We have an opportunity to greatly simplify integrating with dotnet-test, without having to alter dotnet.exe's own test command implementation, if we look to the design of the excellent TestDriven Visual Studio plugin as a guide. Here, I sum up the current means of integration, how TestDriven accomplishes the same, and the benefits of that alternative.

Please let me know if I'm missing something!

Integration Today

To implement the dotnet test integration for an existing test framework, I first looked to how xUnit and NUnit have implemented theirs (see dotnet-test-xunit and dotnet-test-nunit). These match the expectations outlined in .NET Core CLI test communication protocol. To meet these requirements, though, both frameworks had to implement a lot of the same things in service to the interprocess handshake before even getting to their own actual test running code, and I'm about to do the same.

For instance, each test framework has to provide an exe rather than a dll, whose main method has to parse dotnet test's own command line arguments in order to initiate the Design Time JSON messaging handshakes or to initiate the alternate console running mode. Both have to reference JSON.NET in order to parse and serialize the payloads going back and forth. They both have to conditionally fire up and maintain an AppDomain, when running on a platform that has AppDomains, to ensure proper handling of assembly loading/unloading and reading from the correct app.config file. They both have to manage what folder is the Current Directory during execution. Also, because they are a full process and have to own parsing of all the command line arguments, this architecture precludes making dotnet test unambiguously support the "--" separator found in other dotnet commands (see #6488).
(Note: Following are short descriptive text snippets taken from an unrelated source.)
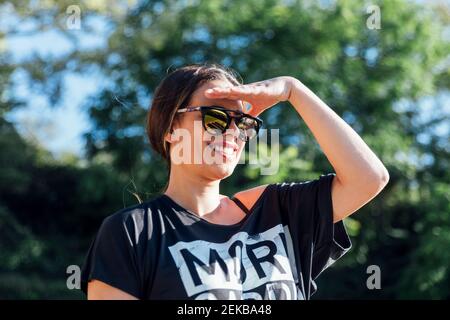 Primo piano di bella donna che indossa occhiali da sole che schermano gli occhi contro gli alberi nel parco Foto Stock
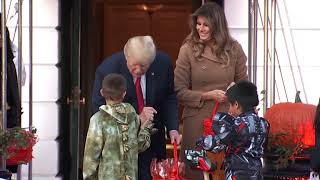 Trump and first lady welcome dinosaur, skeletons on Halloween eve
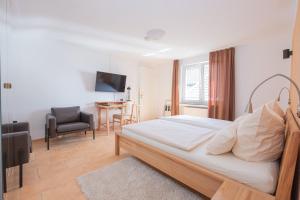 ein Schlafzimmer mit einem Bett, einem Stuhl und einem Tisch in der Unterkunft Märchenwald Altenberg B&B Hotel in Odenthal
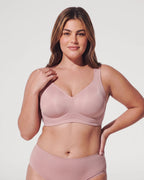 PLERIVA Seamless Wireless Full Coverage Lift Bra in Nude Pink, front view on model with hand on shoulder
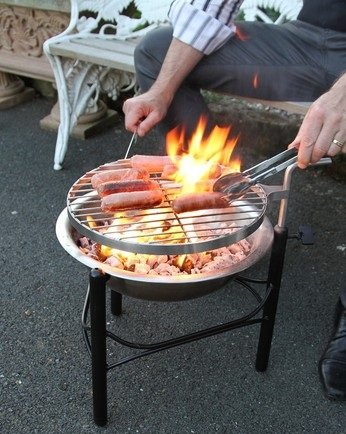 Cooking sausages on grill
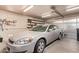 Spacious garage with ample storage shelves and a parked car, offering practical storage and parking solutions at 16274 N 138Th Ln, Surprise, AZ 85374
Integrating with TestDriven

Contrast this design with that of the TestDriven plugin by @jcansdale. That plugin operates under a similar architecture with interprocess communication and plugins provided by an arbitrary test framework. However, all of the processes involved are provided by TestDriven. Each framework need only provide a library which interacts with the process through a few trivial interfaces. Here's the entirety of my integration with TestDriven, for instance: TdNetRunner.cs, TestDrivenListener.cs. The ITestRunner and ITestListener interfaces are owned and provided by TestDriven, and the rest is purely about the specific test framework in question.
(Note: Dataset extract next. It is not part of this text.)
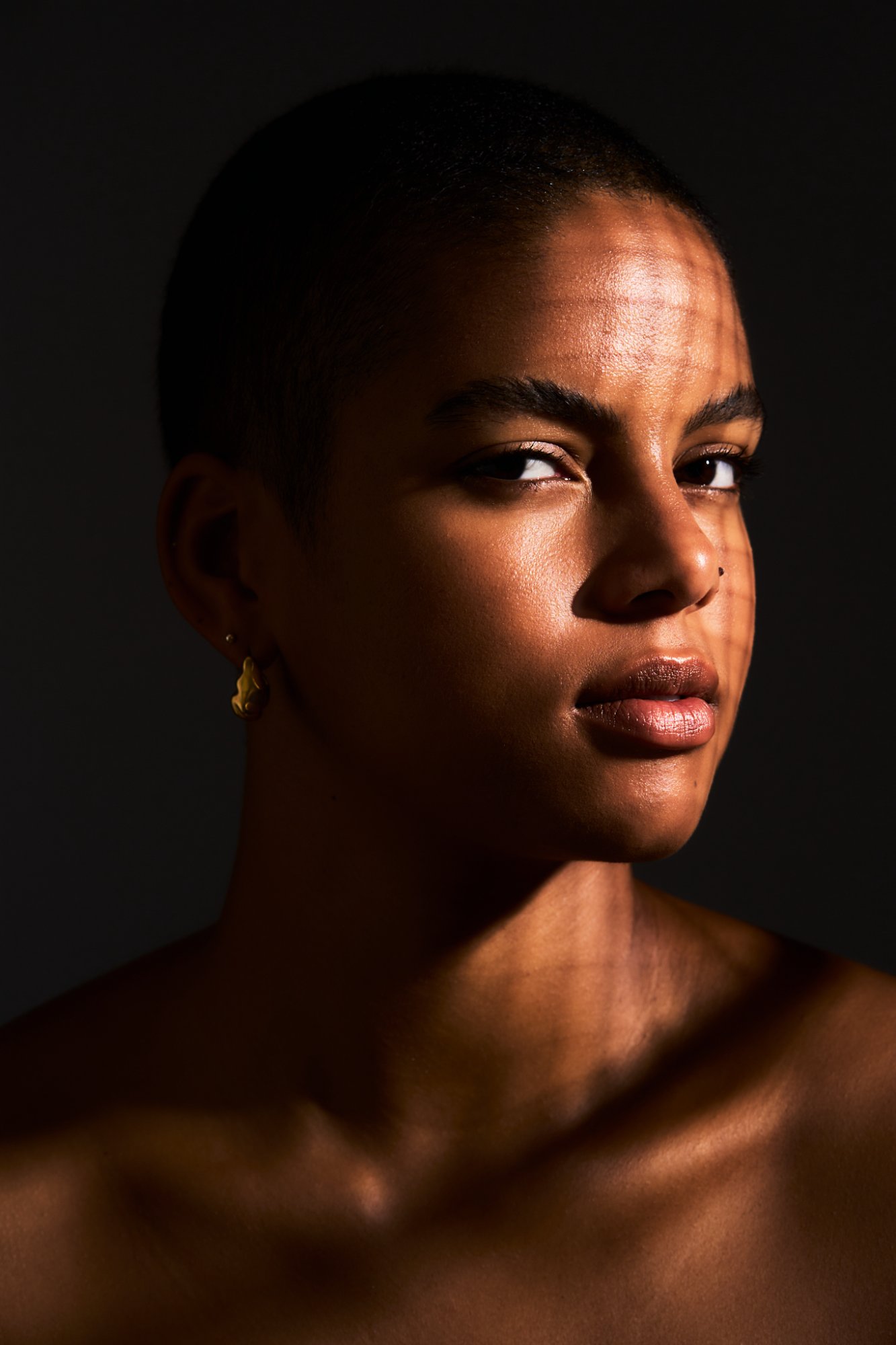 Warm dramatic close-up portrait with golden skin tones — séance photo Montréal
With the TestDriven architecture, the individual test framework doesn't have to care about parsing command line arguments, managing the Current Directory, managing the AppDomain on platforms that have such a thing (including such nightmares as discovering the need to manage MarshalByRefObject lifetimes), interprocess communication, and the like. They merely provide an implementation of ITestRunner and report results through ITestListener. If TestDriven didn't do all of that internally, each framework would have to care about those things just to work with TestDriven.

Applying TestDriven's Success to dotnet test

This brings us back to dotnet test and the exe that each test framework provides today. Imagine that the developers of the NUnit and xUnit integrations refactored their implementations with TestDriven as a guide, separating the test framework specific concerns from the dotnet test interprocess communciation concerns, resulting in an exe devoted to dotnet test and a library that implements a simple interface. The exes would be identical, at which point that exe might as well be provided as a part of the dotnet CLI tooling.
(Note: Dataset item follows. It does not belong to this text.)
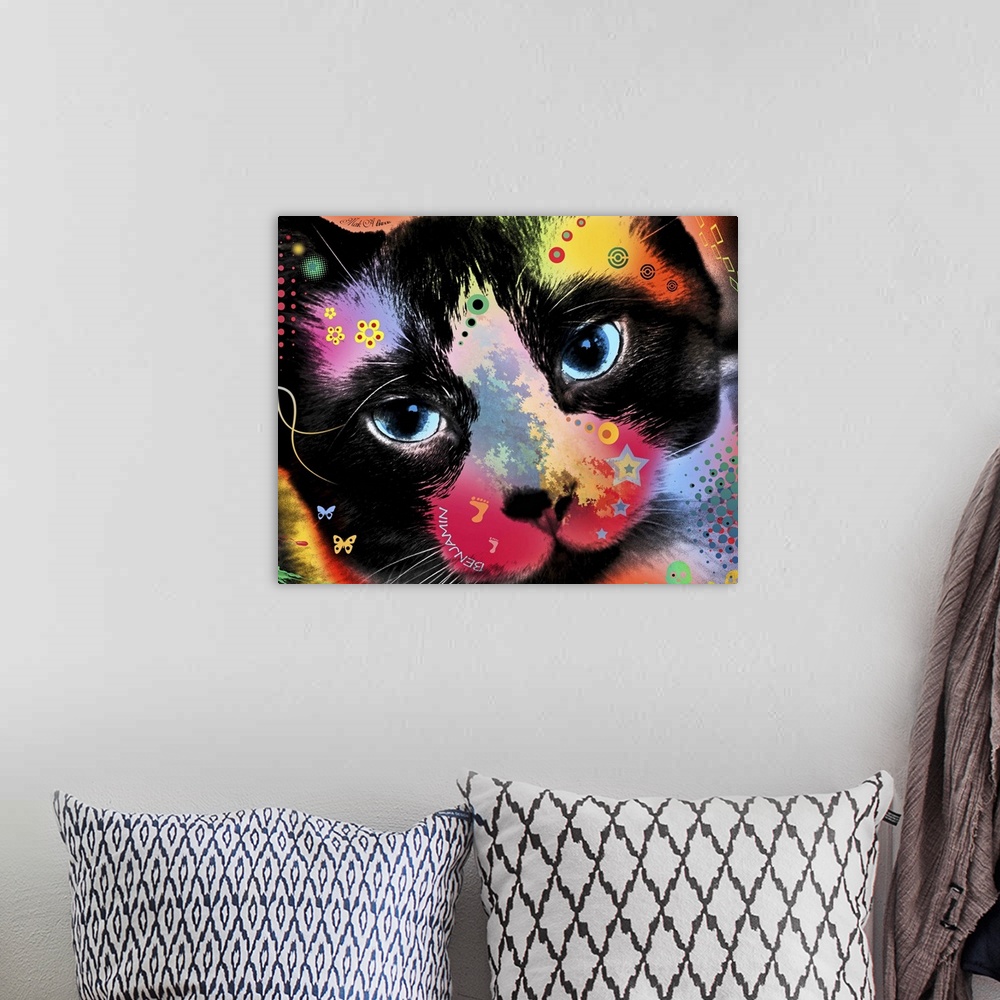 A bohemian room featuring Contemporary artwork of a cat colored in an array of bright and vibrant colors.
The new interfaces could accept the existing JSON payload types already being passed back and forth between processes. This is just one level of indirection away from that communication.

If the new exe parsed the dotnet test command line arguments, passing those parsed values as simple POCOs to a framework's intergration DLL, and if it also passed an args array for everything after "--", we'd also satisfy #6488 and avoid colliding with each framework's own argument naming/style.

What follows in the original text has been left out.